━━━ Provided data ━━━

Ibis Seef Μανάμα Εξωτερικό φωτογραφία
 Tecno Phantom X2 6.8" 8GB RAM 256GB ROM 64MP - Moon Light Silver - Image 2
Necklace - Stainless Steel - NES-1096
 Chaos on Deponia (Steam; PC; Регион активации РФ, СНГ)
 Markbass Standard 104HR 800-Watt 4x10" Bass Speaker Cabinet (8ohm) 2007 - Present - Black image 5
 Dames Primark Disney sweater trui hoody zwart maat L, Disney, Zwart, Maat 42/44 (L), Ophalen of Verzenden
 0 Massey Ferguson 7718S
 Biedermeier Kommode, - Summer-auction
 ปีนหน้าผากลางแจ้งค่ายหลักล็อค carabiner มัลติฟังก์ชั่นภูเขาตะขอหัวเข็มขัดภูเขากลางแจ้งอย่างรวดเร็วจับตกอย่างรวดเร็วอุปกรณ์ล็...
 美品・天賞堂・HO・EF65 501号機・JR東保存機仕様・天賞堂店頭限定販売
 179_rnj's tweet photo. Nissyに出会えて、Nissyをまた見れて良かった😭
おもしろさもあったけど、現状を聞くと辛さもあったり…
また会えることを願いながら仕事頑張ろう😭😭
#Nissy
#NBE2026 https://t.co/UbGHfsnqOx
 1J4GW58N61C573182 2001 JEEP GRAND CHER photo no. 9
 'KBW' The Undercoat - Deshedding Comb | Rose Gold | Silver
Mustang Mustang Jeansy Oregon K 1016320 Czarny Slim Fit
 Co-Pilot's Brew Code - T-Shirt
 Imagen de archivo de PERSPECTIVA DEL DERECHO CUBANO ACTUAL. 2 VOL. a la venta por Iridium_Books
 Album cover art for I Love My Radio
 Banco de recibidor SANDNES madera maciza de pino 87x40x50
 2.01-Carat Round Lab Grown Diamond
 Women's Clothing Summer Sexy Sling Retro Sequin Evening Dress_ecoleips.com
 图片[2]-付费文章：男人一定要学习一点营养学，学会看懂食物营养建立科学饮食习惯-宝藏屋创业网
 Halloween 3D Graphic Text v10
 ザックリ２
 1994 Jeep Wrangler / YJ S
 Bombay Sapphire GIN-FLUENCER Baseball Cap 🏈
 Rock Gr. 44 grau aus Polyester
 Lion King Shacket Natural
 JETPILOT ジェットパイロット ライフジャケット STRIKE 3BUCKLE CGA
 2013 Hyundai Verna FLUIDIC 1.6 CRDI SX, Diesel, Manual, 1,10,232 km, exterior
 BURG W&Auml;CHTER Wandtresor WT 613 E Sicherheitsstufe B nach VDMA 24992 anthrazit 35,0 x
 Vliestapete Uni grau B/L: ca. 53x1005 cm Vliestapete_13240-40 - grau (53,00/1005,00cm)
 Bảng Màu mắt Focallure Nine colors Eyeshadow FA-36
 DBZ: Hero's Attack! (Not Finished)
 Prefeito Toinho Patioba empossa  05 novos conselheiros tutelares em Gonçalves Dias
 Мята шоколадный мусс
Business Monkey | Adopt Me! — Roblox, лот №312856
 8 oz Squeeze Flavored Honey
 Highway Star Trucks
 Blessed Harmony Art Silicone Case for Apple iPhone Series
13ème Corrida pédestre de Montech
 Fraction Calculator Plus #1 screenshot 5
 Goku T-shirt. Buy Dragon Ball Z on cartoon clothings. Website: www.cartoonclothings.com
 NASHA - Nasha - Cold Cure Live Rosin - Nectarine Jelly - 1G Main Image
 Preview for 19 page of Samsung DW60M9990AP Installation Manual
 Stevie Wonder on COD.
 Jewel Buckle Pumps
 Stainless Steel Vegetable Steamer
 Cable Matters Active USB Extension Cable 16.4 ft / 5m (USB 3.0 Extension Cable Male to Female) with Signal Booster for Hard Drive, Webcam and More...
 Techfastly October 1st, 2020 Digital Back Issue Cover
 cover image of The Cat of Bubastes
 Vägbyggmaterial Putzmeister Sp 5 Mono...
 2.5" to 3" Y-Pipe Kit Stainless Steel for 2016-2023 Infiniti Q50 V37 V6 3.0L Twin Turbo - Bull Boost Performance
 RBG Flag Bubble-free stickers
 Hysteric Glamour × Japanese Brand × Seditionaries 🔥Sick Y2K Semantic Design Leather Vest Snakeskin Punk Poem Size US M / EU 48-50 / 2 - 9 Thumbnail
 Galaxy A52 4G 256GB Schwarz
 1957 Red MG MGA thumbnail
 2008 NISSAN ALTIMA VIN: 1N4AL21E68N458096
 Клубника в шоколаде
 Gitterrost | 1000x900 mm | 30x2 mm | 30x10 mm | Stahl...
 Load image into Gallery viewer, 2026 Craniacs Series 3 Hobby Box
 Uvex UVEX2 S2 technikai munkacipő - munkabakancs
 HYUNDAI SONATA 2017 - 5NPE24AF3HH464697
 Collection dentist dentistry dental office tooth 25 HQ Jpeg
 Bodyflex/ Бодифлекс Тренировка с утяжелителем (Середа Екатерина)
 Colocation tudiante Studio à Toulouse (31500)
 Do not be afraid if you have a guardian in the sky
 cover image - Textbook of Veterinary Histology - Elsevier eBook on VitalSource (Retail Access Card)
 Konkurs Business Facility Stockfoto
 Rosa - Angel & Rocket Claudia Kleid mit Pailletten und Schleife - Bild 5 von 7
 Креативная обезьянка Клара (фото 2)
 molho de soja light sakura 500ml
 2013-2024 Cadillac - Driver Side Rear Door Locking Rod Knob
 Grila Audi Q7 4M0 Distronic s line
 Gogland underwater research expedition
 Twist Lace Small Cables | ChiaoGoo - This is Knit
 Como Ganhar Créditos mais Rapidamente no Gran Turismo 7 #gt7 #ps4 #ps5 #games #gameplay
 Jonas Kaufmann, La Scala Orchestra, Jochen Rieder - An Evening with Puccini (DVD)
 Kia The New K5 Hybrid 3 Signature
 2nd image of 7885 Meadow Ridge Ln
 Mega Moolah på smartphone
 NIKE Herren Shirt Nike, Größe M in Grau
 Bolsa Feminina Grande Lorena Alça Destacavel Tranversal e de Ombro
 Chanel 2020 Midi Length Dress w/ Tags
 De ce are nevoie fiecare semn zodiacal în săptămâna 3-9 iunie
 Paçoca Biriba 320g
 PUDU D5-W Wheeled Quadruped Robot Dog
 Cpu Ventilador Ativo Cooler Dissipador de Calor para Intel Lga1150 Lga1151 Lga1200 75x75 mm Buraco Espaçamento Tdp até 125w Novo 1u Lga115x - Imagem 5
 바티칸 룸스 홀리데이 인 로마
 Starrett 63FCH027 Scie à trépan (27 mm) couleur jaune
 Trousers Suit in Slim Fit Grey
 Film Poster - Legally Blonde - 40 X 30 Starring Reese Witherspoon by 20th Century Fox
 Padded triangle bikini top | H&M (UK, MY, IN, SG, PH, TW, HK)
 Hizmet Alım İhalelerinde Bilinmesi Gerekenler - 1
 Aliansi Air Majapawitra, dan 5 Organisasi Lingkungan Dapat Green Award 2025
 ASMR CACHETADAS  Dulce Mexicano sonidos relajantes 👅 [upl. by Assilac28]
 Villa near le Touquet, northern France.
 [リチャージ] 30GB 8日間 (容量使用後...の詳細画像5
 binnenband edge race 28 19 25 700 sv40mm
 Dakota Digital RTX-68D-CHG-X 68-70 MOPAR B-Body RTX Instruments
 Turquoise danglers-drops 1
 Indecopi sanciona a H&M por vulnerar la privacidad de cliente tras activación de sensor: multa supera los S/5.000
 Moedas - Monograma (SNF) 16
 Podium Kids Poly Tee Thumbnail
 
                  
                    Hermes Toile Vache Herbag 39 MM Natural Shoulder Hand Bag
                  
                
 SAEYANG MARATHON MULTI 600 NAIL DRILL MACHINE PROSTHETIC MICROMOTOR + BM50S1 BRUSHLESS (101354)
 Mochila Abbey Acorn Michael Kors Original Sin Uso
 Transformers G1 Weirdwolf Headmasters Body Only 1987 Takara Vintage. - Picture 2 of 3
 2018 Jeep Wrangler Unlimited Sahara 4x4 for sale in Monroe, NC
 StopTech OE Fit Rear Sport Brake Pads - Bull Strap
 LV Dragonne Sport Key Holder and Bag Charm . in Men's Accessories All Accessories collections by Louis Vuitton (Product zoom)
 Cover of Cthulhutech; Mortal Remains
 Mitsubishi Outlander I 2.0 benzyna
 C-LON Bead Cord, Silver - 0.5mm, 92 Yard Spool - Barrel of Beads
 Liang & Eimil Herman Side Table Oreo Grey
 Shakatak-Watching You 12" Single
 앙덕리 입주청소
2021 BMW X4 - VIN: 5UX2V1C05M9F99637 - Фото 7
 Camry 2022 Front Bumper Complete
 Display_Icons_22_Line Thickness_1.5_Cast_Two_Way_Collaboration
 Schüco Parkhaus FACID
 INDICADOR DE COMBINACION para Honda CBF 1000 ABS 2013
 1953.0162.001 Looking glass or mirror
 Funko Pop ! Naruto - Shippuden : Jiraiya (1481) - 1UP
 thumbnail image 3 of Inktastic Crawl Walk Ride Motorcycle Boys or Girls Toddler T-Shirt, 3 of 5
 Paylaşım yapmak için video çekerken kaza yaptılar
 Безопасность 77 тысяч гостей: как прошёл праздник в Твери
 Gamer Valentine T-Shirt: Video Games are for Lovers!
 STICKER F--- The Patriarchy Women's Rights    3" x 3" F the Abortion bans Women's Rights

━━━

Problem
Please return only the lines above, starting at the line that has "Jonas Kaufmann, La" and ending at the line that has "SAEYANG MARATHON MULTI", keeping both and leaving each one unchanged.

Result of the exercise
 Jonas Kaufmann, La Scala Orchestra, Jochen Rieder - An Evening with Puccini (DVD)
 Kia The New K5 Hybrid 3 Signature
 2nd image of 7885 Meadow Ridge Ln
 Mega Moolah på smartphone
 NIKE Herren Shirt Nike, Größe M in Grau
 Bolsa Feminina Grande Lorena Alça Destacavel Tranversal e de Ombro
 Chanel 2020 Midi Length Dress w/ Tags
 De ce are nevoie fiecare semn zodiacal în săptămâna 3-9 iunie
 Paçoca Biriba 320g
 PUDU D5-W Wheeled Quadruped Robot Dog
 Cpu Ventilador Ativo Cooler Dissipador de Calor para Intel Lga1150 Lga1151 Lga1200 75x75 mm Buraco Espaçamento Tdp até 125w Novo 1u Lga115x - Imagem 5
 바티칸 룸스 홀리데이 인 로마
 Starrett 63FCH027 Scie à trépan (27 mm) couleur jaune
 Trousers Suit in Slim Fit Grey
 Film Poster - Legally Blonde - 40 X 30 Starring Reese Witherspoon by 20th Century Fox
 Padded triangle bikini top | H&M (UK, MY, IN, SG, PH, TW, HK)
 Hizmet Alım İhalelerinde Bilinmesi Gerekenler - 1
 Aliansi Air Majapawitra, dan 5 Organisasi Lingkungan Dapat Green Award 2025
 ASMR CACHETADAS  Dulce Mexicano sonidos relajantes 👅 [upl. by Assilac28]
 Villa near le Touquet, northern France.
 [リチャージ] 30GB 8日間 (容量使用後...の詳細画像5
 binnenband edge race 28 19 25 700 sv40mm
 Dakota Digital RTX-68D-CHG-X 68-70 MOPAR B-Body RTX Instruments
 Turquoise danglers-drops 1
 Indecopi sanciona a H&M por vulnerar la privacidad de cliente tras activación de sensor: multa supera los S/5.000
 Moedas - Monograma (SNF) 16
 Podium Kids Poly Tee Thumbnail
 
                  
                    Hermes Toile Vache Herbag 39 MM Natural Shoulder Hand Bag
                  
                
 SAEYANG MARATHON MULTI 600 NAIL DRILL MACHINE PROSTHETIC MICROMOTOR + BM50S1 BRUSHLESS (101354)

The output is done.